Recently I trained torch-rnn with all my previous tweets, and used it to generate tweets from an AWS Lambda, which results in some incomprehensible but somewhat recognizable content typical of my software development tweets like this:
in the programmer to far to programmangers of a something the a sere of see the with the software the something
— Kevin Hooke Bot (@kevinhookebot) April 17, 2018
and this:
the programmers with the mess a new is the computer
— Kevin Hooke Bot (@kevinhookebot) April 16, 2018
In most cases the vocab it’s generating new content with has a high occurance of words I’d typically use, so computer, software, hardware, code are all pretty common in the output. Training the model with 2000+ tweets of 240 characters or less though I don’t think is a particular great sample of data, so I wondered what it would be like if I trained it with more data.
I have 2000+ articles on my blog here, so I ran a sql query to extract all the post text to a file (see here), and then fed this 4MB file into the training script. The script has been running on an Ubuntu VM on my rack server for almost 24 hours at this point, and it’s probably the most load I’ve had on my server (the 1 vCPU on the VM is maxed, but the server itself still has plenty of free vCPUs and RAM remaining, but this one vCPU is currently running 100%).
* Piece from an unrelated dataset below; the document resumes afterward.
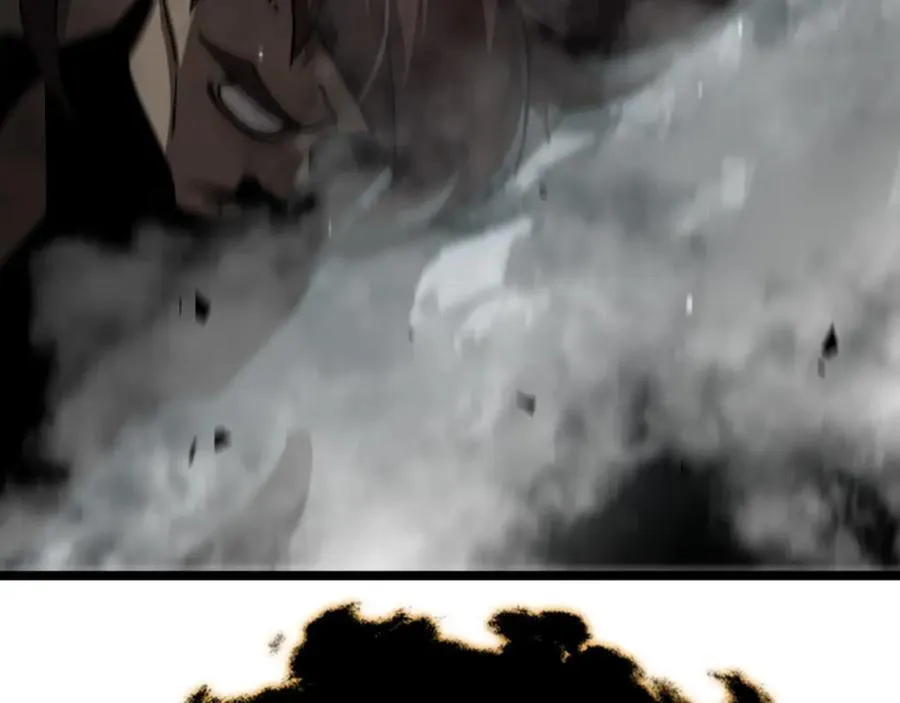第242话 六界神山剑 第78页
It’s getting a little on the warm side in my office right now.
The torch-rnn script to train your model writes out a checkpoint file of the model in progress so far about once every hour, so it’s interesting to see how the generated content improves with every additional hour of training.
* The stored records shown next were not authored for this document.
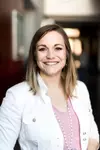 Katie Heenan Dodson
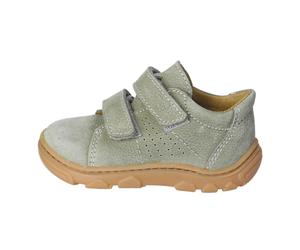 Pepino Kinderschuhe Stiefel eukalyptus eukalyptus - Gr. - 24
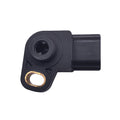 Throttle Position Sensor for Kawasaki Ninja ZX-10R (2011–2015) 16163-0722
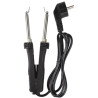 Soldador de pinza SMD 230 V 48 W - ZD-409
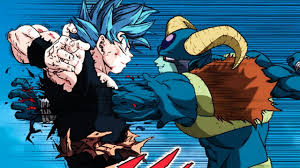 Shop devices, apparel, books, music & more. Dragon Ball Super Chapter 64 Spoilers Raw Scans Release Date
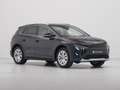 Skoda Elroq 82 Elektromotor 286 1AT Business Edition Automaat Zwart - thumbnail 7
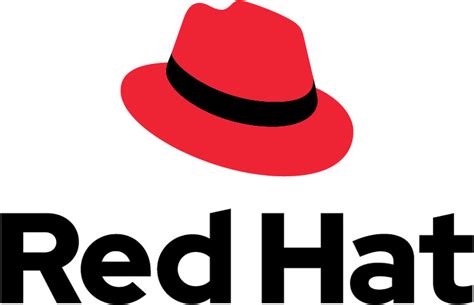 Red Hat Introduces Latest Versions of Red Hat Enterprise Linux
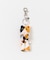 『WEB／一部店舗限定』COMFORT　NABI Key Ring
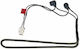 DA47-00247C Replacement Sensor for Refrigerator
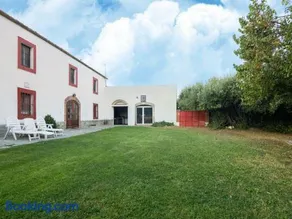 Can Teulera - Image 3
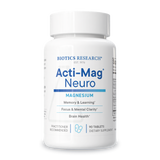 Acti-Mag Neuro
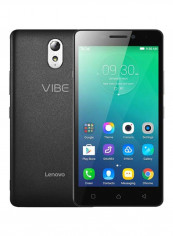 Vibe P1m Dual SIM Black 16GB 4G LTE reviews Vibe P1m Dual SIM Black 16GB 4G LTE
Here’s some examples starting with checkpoint 1, and then a few successive checkpoints as examples, running with temperature 0.7 (which gives good results after more training, but pretty wacky output earlier in the training):
Checkpoint 1, after about 2 hours:
a services the interease the result pecally was each service installing this up release have for a load have on vileent there at of althe Mork’ on it’s deforver, a some for
Checkpoint 5:
Store 4 minimal and Mavera FPC to speed and used that the original remeption of the Container and released and problem is any sudo looks most chated and Spring Setting the Started Java tagger
Checkpoint 10:
react for Java EE development and do it compended to the Java EE of code that yet this showing the desting common already back to be should announced to tracker with the problem and expenting
Checkpoint 15:
never that means that all performance developers of the just the hand of a microsch phone as not support with his all additional development though it’s better with the same by worker apache
Checkpoint 19:
The Java becomes are your server post configuring Manic Boot programming code in the PS3 lattled some time this is the last of the Docker direction is one it and a check the new features and a few new communities on the first is seen the destining
Getting pretty interesting at this point! Interesting that certain words appear pretty regularly in the generated output, although I don’t think I’ve included them in articles that often. PS2 and PS3 appear a lot, programming and computer are expected given the frequency in the majority of my articles, and there’s a lot of Java, Microsoft, Oracle, Docker and containers showing up.
I’m not sure how much longer the training is going to run for on a 4MB text file which I didn’t think was that large, but it’s been running for almost 24 hours at this point. I’ll let it run for another day and then see what the output looks like then.
If you start to see the tweets looking slightly more coherent over the next couple of days, the AWS Lambda is starting to use content generated from these new checkpoints on this new model, so it should be slightly more natural sounding hopefully, given the larger input file for training the new model.